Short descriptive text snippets
※

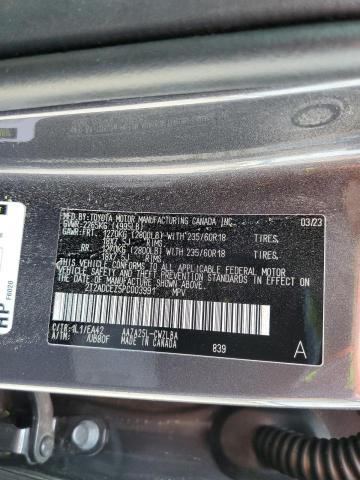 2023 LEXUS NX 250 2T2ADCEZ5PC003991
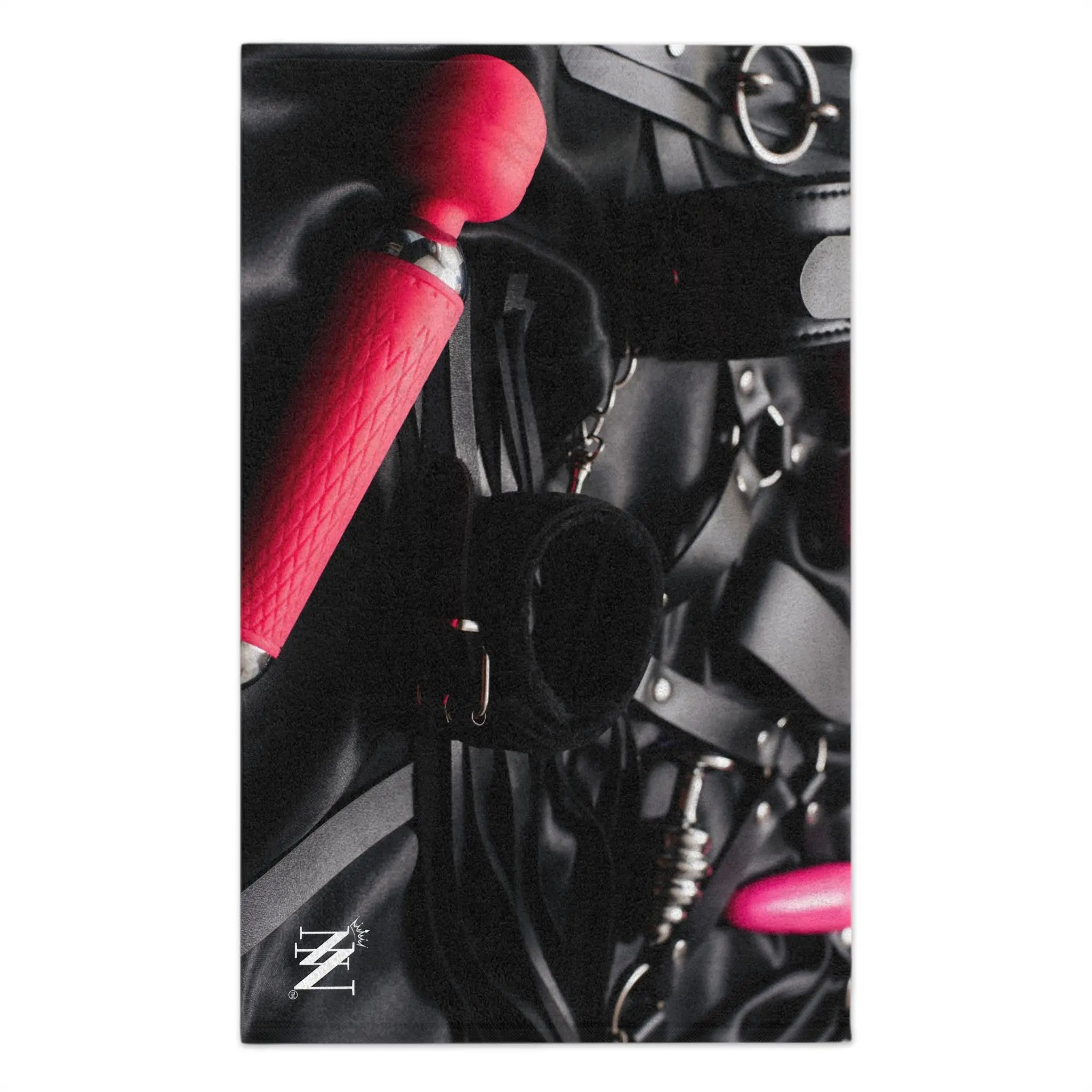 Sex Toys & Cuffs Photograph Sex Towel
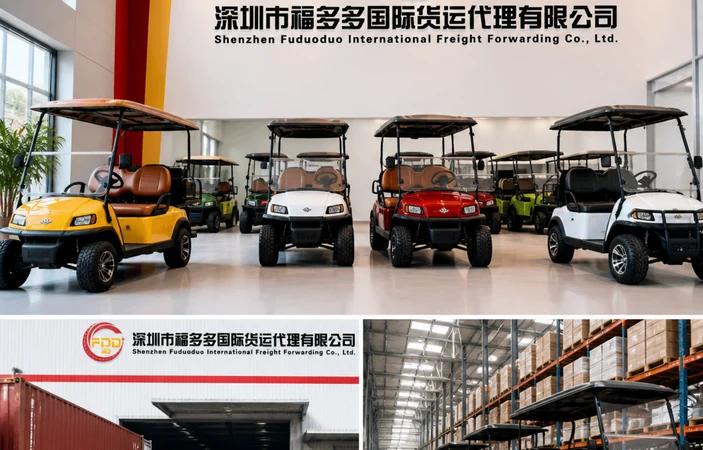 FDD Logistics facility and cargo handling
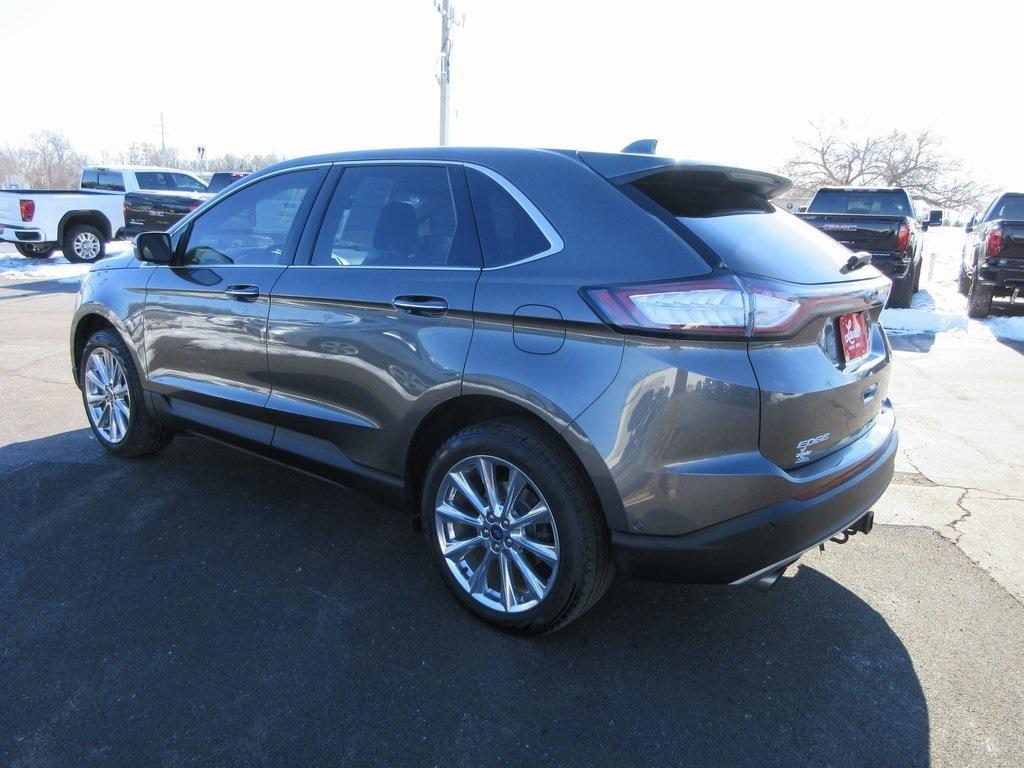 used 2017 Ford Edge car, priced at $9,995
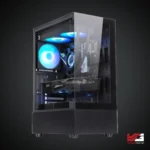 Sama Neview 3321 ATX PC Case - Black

※

- [Task goal]
Return the records exactly as they stand, and drop every picture.

- [Solution]
 2023 LEXUS NX 250 2T2ADCEZ5PC003991
 Sex Toys & Cuffs Photograph Sex Towel
 FDD Logistics facility and cargo handling
 used 2017 Ford Edge car, priced at $9,995
 Sama Neview 3321 ATX PC Case - Black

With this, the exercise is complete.